Aterramento Elétrico

Aterramento Elétrico é a ligação intencional de um componente através de um meio
condutor com a Terra. Por exemplo: ligar a carcaça de um chuveiro elétrico, através de um
condutor, com a Terra.
Todo equipamento elétrico deve, por razões de segurança, ter o seu corpo (parte
metálica) aterrado.
Também os componentes metálicos das instalações elétricas, tais como, os Quadros
de Distribuição de Circuitos – QDC, os eletrodutos metálicos, caixas de derivação entre
outros, devem ser corretamente aterradas.
Quando há um defeito na parte elétrica de um equipamento que está corretamente
aterrado, a corrente elétrica escoa para o solo (Terra).
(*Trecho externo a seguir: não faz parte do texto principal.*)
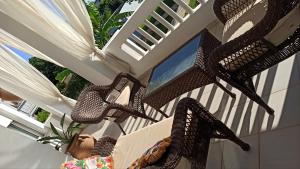 een kamer met drie rieten stoelen op een veranda bij Sweet home #chania in Perivólia
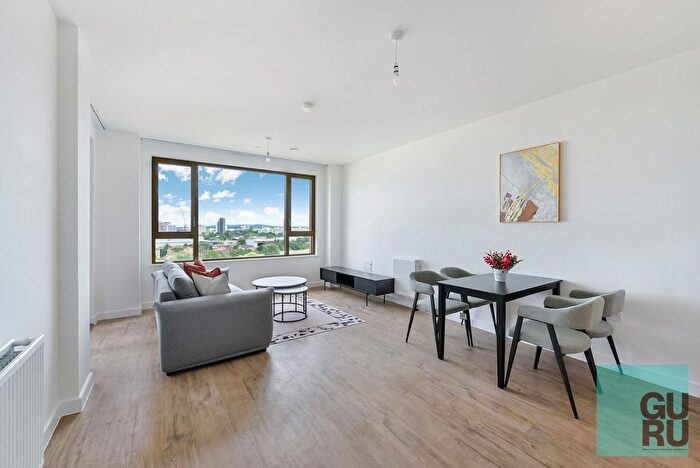 1 Bedroom Flat To Rent In Bermondsey Heights, London, SE15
Alguns tipos de solos são melhores
condutores de corrente elétrica, pois têm uma menor Resistividade Elétrica. A Resistividade é
em função do tipo de solo, umidade e temperatura.
Os Aterramentos Elétricos podem ser:
a)

Aterramento por razões funcionais: o Aterramento é necessário para que o
equipamento elétrico funcione corretamente;

b)

Aterramento do equipamento por razões de proteção e segurança: neste caso, o
Aterramento protege as pessoas e/ou animais domésticos contra os choques
elétricos.

A Figura 07 mostra um aterramento padrão.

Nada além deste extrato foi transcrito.